Not-for-profit fundraising requires many different skills, so successful non-profit organizations often employ a team of fundraisers, each with a different specialization. Depending on its target audience, fundraising goals, and available resources, a non-profit may wish to have a grant writer, a major gifts officer, or a researcher on the team. One tip for saving money on fundraising is to hire development professionals with multiple skills. For example, a good non-profit communications specialist may be able to write grant applications, appeal letters, and scripts for telephone solicitations. In that case, a separate grant writer need not be hired in addition to the communications officer.
Volunteers can supplement and support the efforts of a not-for-profit fundraising team. There may be letters to fold and envelopes to stuff, contribution data to enter into a database, or phone calls to be made. Well-trained volunteers can do this work, leaving the development staff with time to apply their expertise to more complex matters. What's more, experts have noted personal requests from people directly involved with a not-for-profit organization are extremely effective. This makes volunteers some of the most successful fundraisers.

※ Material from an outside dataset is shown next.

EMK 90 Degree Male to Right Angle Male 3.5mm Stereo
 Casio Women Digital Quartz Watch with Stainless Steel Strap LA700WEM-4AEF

Whether a staff member or a volunteer is doing the fundraising, experts stress the importance of using a strategic approach. It is agreed that a successful not-for-profit fundraising strategy should include the frequency with which solicitations are made, how much money is asked for each time, and how it will be solicited. It is recommended that the results of an organization's fundraising efforts be carefully tracked so that the strategy can be modified as necessary in the future. Specialized fundraising software can be used for this purpose, or an outside agency can be hired to record and analyze fundraising data.
Collecting data on fundraising efforts is one way to get to know one's audience. People donate to charity for many reasons—some enjoy the feeling of doing good, while others are devoted to a particular cause. Still others make contributions to non-profit organizations for the tax deduction. According to experts, understanding a donor's motive for giving can help one craft the most effective solicitation.
The above tips apply whether one is raising funds from the government or the private sector. Expert fundraisers suggest trying to achieve a balance between the two. This helps insulate a not-for-profit organization from fluctuations in the economy that impact one more than the other.